Friday, December 25, 2009

The Pleasure In Breast Feeding

Her only wish was to carry any living inside her tummy, her instinct begged her to allow a sweet savage to knock her up. She would let them eat her wholly though she despised the feeling in it, in them. She knew it was the only way to get what she wanted. Her adolescence passed, filled with the promise that some night someone would pull her by the hair, spank her and have her. She dreaded the idea of being touched by those lusty man. They were to take advantage of her weakness and sodomize her.
Just when her biological clock was taking its last ticks she met a noble man bewitched by her looks, he was eager to take her as her spouse and give her that child she wanted so dearly.

Right when the wedding was through she took charge and did him time and time again, till she got one. One ever growing stomach, she didn't feel satisfied. Nothing felt accomplished but after the child was delivered and ready to suck her tits. Soon enough she had a fat and strong baby, who was only allowed to suck her, and suck her 24/7. Her life was joyful, at last. Her tits expanded in a natural manner, her tits were never unattended. A calm smile overflowed her. She was mother earth, and it was her duty to be milked religiously. Forever.
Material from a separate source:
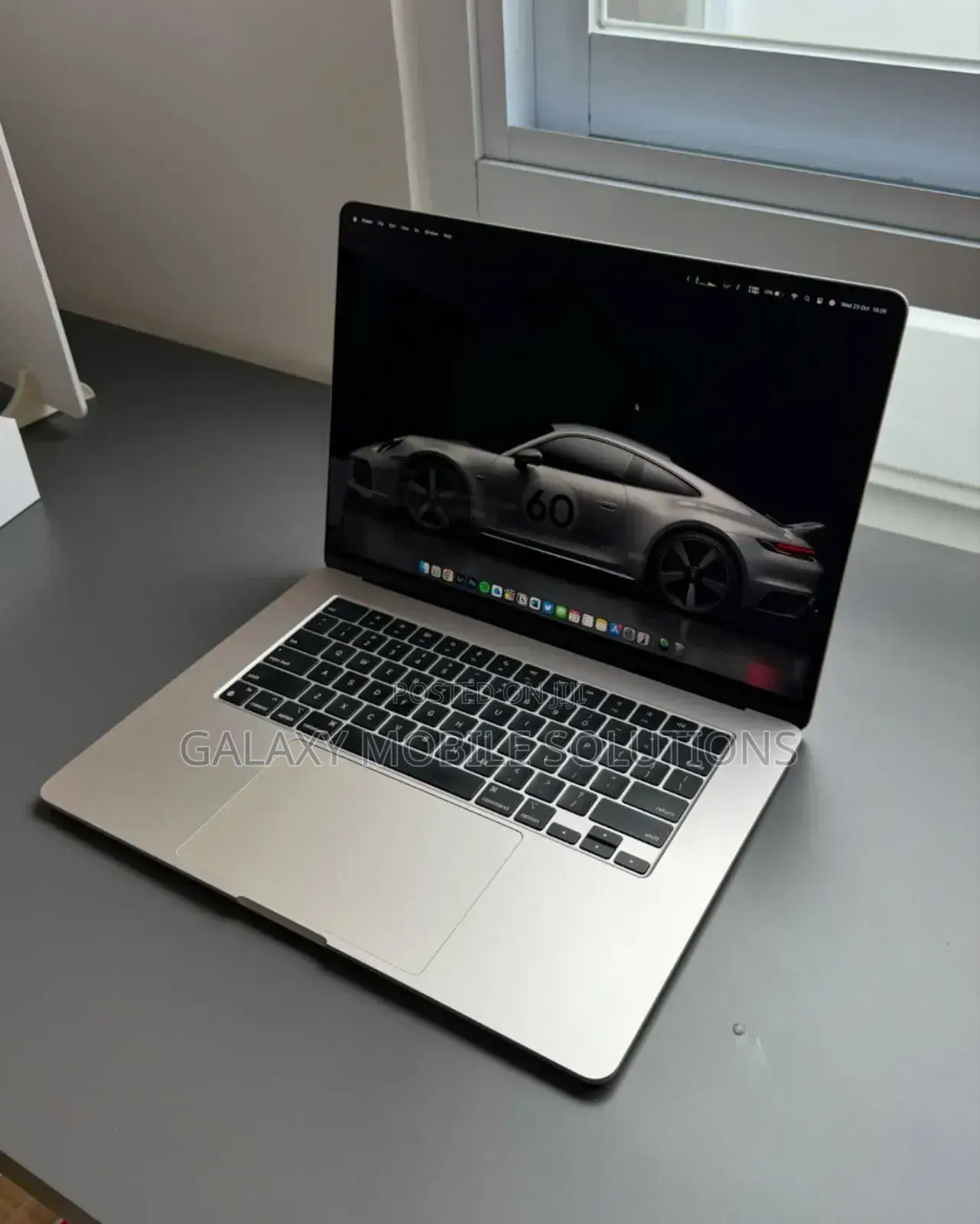 New Laptop Apple MacBook Air 2022 M2 8GB Apple M2 SSD 256GB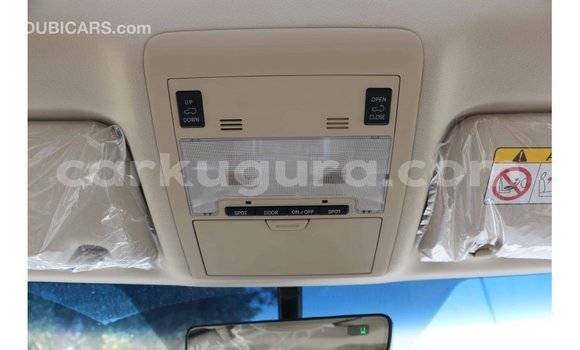 Acheter Import Voiture Toyota Land Cruiser Blanc à Import - Dubai, Bujumbura Acheter Import Voiture Toyota Land Cruiser Blanc à Import - Dubai, Bujumbura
But the child grew up and became unwilling to suck her. She would have make him but her husband denyed upon it, claiming it should be him the one who does all the sucking. Forced to toy with the idea, she accepted to give it a try. It could be just the same, it could be even better. He claimed that the pleasure would only increase, he said she would feel sweet extasy. He was wrong. His big hands didnt help, she felt disgust. She hated men. And he wouldn't make it any easy, for he didnt just suck her breasts but he sucked lovingly every inch of her beautiful body. She was no longer a giver of life and health, during the ilicit act she became a whore who gave her body in exchange of a doomed dream. Filthy and weak again, she was penetrated and then she knew she was back on track. She had to deliver and milk as many babies till the day she died. Her milk was rich and her bossom sweet, nature had given her power, it was located on her expanding nipples and when she used them it was an inmense force that talked through her, she was delivering a message to her offspring.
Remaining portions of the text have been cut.